Collections

What is a “collection” in CDS?

A collection is a set of documents that are related to (linked to or from) a single CDS document via a specific set of relationships. The relationships themselves are described later in this document, but the relationship is always a one-to-many relationship from the “parent” document to the “collection” documents.

Collections 1

In CDS, any document can be used as a collection. This means topics, tags, series, etc. are collection documents; so are stories, podcast episodes, and categories. For any CDS document, you can ask “what documents are part of this document’s collection?”

A document is linked to a collection in one of two ways:

  • Unordered - When a document contains a link to its collection document, it’s considered an “unordered” link.
  • Ordered - When a collection document contains a link to its “child” document, it’s considered an “ordered” link.

These types of linkages will be described in further detail below.

Collections 2

It’s important to remember that a document can be linked to a collection using both ordered and unordered links!

As stated above, an unordered collection link exists on the child document and points to the collection document. In practice, this is represented by a link object in the child document’s collections array, defined by the publishable profile:

{
    "id": "12345",
    "title": "Sleeping patterns of the Norwegian Blue parrot",
    ...

    "collections": [
        {
            "href": "/v1/documents/6789",
            "rels": [
                "topic"
            ]
        },
        ...

    ]
}

In the above example, document 12345 contains an unordered link to document 6789; 12345 is an unordered document in the 6789 collection.

When retrieving a collection, unordered documents can be sorted in any way the client feels is most appropriate.

An ordered collection link exists on the collection document and points to the child document. These links can also be referred to as “prioritized” or “featured” content; this is because these links are usually the result of conscious and deliberate selection (although this is not always the case).

In practice, an ordered link is represented by a link object in the collection document’s items array, defined in the aggregation profile:

{
    "id": "6789",
    "title": "Animals",
    ...

    "items": [
        {
            "href": "/v1/documents/12345"
        },
        ...

    ]
}

In the above example, document 6789 contains an ordered link to document 12345; 12345 is an ordered document in the 6789 collection.

Documents containing ordered links must have the items array; in order to have the items array, they must implement the aggregation profile and list it in their profiles list. These collection documents can also be called “aggregations”. While any document can be a collection document, only documents with the aggregation profile can have ordered collection links.

When retrieving a collection using the editorial sort mode, ordered collection documents will appear first, in the order that they appear in the items array. When using other sort modes, these documents will be sorted along with the unordered documents.

Note that there can be a maximum of 100 links within the items array.

Querying for a collection

When querying for documents, the collectionIds parameter can be used to filter down to documents belonging to a collection:

https://content.api.npr.org/v1/documents?collectionIds=6789

The above query will return only documents that belong to the 6789 collection, regardless of if they are ordered or unordered.
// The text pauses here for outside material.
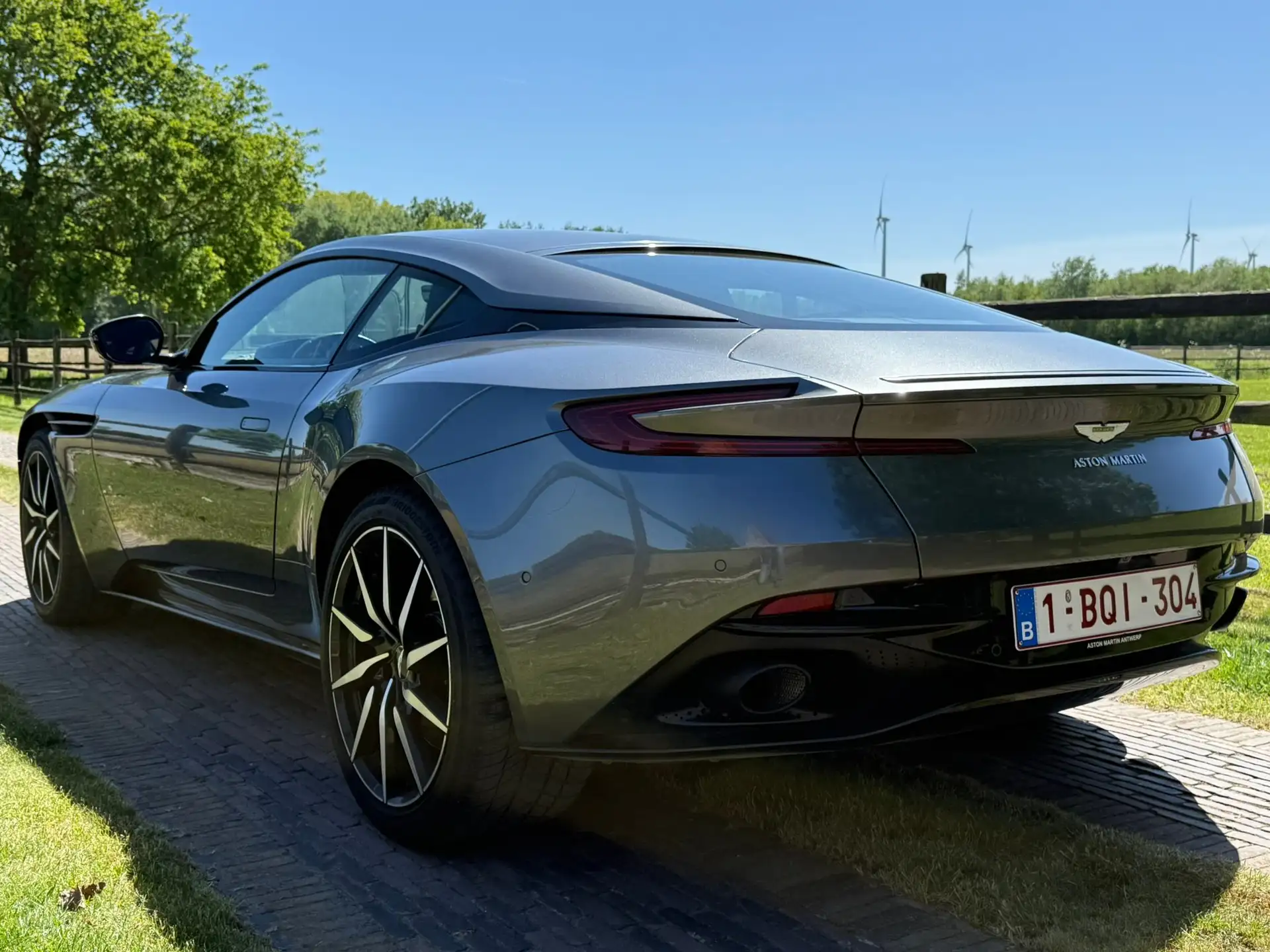 애스턴마틴 DB11 V8 2019 회색 사진 2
The collectionIds parameter functions like any other CDS query parameter; as such, all the following are valid:

  • collectionIds=(ID)
  • collectionIds=(ID),(ID)
  • collectionIds=(ID)&collectionIds=(ID)

editorial sort

Editorial sorting is a method of sorting the results of a CDS query that places ordered content before unordered content. When querying for a collection, ordered content will be returned first in the order it appears in the items array, followed by all unordered content sorted by publishDateTime. If a document is linked both as an unordered and ordered document, then its ordered placement takes priority; it will show up once and only once, in the “ordered section”.
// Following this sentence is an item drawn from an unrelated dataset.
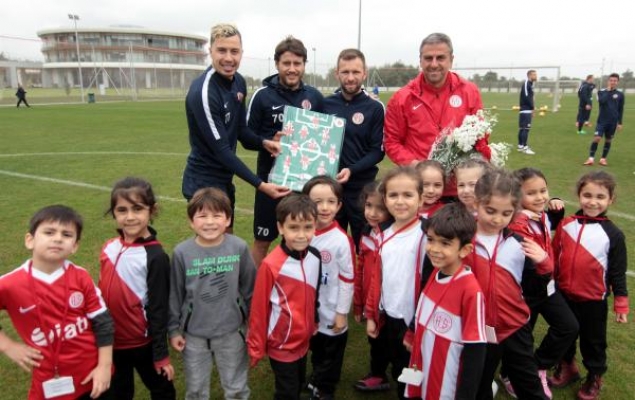 Miniklerden Antalyaspor'a ziyaret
Editorial sort can only be used with a single collectionIds parameter defining one collection ID. You cannot combine collections and sort by editorial sort.

Editorial sort is requested with the query parameter sort=editorial.
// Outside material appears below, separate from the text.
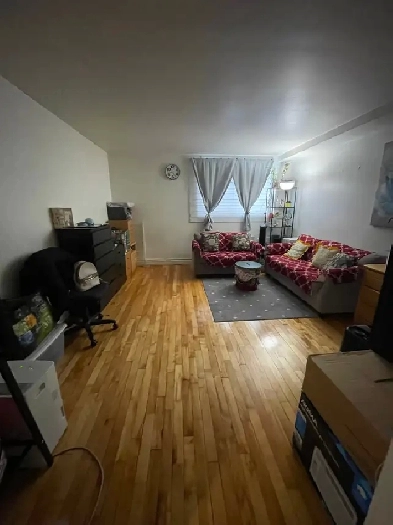 Grand 4 12  louer sur Souart  CDN demi soussol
A note on the idea of a primary collection

This is also explained in the publishable profile documentation.

CDS does not currently offer a way to mark a collection as the primary collection in the rels array. Rather, we rest on a convention that the 0th item in the array for collections is in fact the primary collection.

This is not a convention that is baked in our API, but rather one that npr.org upholds.

The convention also applies more specifically to collections marked with a topic rel or any other type of rel. For example, in this collections array below:

"collections": [
{
  "href": "/v1/documents/1182407811",
  "rels": [
    "series"
  ]
},
{
   "href": "/v1/documents/12345",
  "rels": [
    "topic"
  ]
}
]

The primary topic would be the 12345 document, as that is the first collection link listed that has a topic in the rels array.